ベートーヴェンは前年、1827年の3月に没している。

 1829年から1831年にかけ、ドイツ各地とポーランドをまわり、どこ
へ行っても熱狂的な歓迎を受けたとされる。パガニーニの演奏を絶賛したのは
音楽家ばかりでなく、文学者や詩人などにも強い印象を与えたようである。そ
の中にはゲーテやハイネも、ことにゲーテは「彗星か何かにのように聞こえた
。」と語ったという。

 1831年3月、フランスは花のパリに到着。オペラ劇場で最初の演奏会が
開かれたが、ここでも人々を熱狂させ、新聞は「これは悪魔的な神業である。
人々はすべて狂気に走った」と伝えたという。
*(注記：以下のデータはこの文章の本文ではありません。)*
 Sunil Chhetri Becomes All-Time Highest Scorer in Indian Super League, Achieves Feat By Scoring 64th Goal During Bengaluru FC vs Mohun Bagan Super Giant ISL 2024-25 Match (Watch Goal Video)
当時まだ19歳だったフランツ
・リスト(1811〜1886)は演奏を聴き、いたく興奮しては、「私はピ
アノのパガニーニになるのだ。さもなければ気違いになるのだ。」と語ったと
いう有名話が残っている。劇場でのコンサート、宮廷での演奏など十数会の演
奏会は、ことごとく満員で大盛況裡に終えた。

 しかしその成功と名声とは裏腹に、ご本人にとってはどうも良からぬうわさ
が広がったのである。それはパガニーニが「たいへんなケチ」で「貪欲な守銭
奴」であるというものだった。音楽家のエピソードを紹介した本には、「ケチ
」で名を馳せたパガニーニ....などとタイトルが載っているものもある。

 当時のヨーロッパの各都市では、慈善演奏会が盛んに行われていた。これは
貧しい人々や病気の人を救済しようとするための資金集めのコンサートで、多
くの音楽家が少ないギャラか無償で出演していた。パガニーニの滞在中もその
ような慈善演奏会が数回となく行われていたが、パガニーニはそれらに一回も
出演しようとしなかったのである。また彼の演奏会自体の入場料も飛び抜けて
高く、パリで行った14回のコンサートで12万フランも稼いだと伝えられて
いる。慈善演奏会の出演要請も断る、また慈善事業へもビタ一文も寄付しない
と徹底していたようだ。

 パリの新聞等は一斉にこのことキャンペーン的に書き連ね、パガニーニの立
場は苦しいものになった。彼なりの理由もあったようで、新聞に、慈善演奏会
の日にあいにく体調を崩していたなどと弁明に努めた。しかし早やうわさが広
まり過ぎ効果はなかったようで、更に悪い条件も重なって、すっかり後世まで
「ケチ」の名が残ることになってしまった。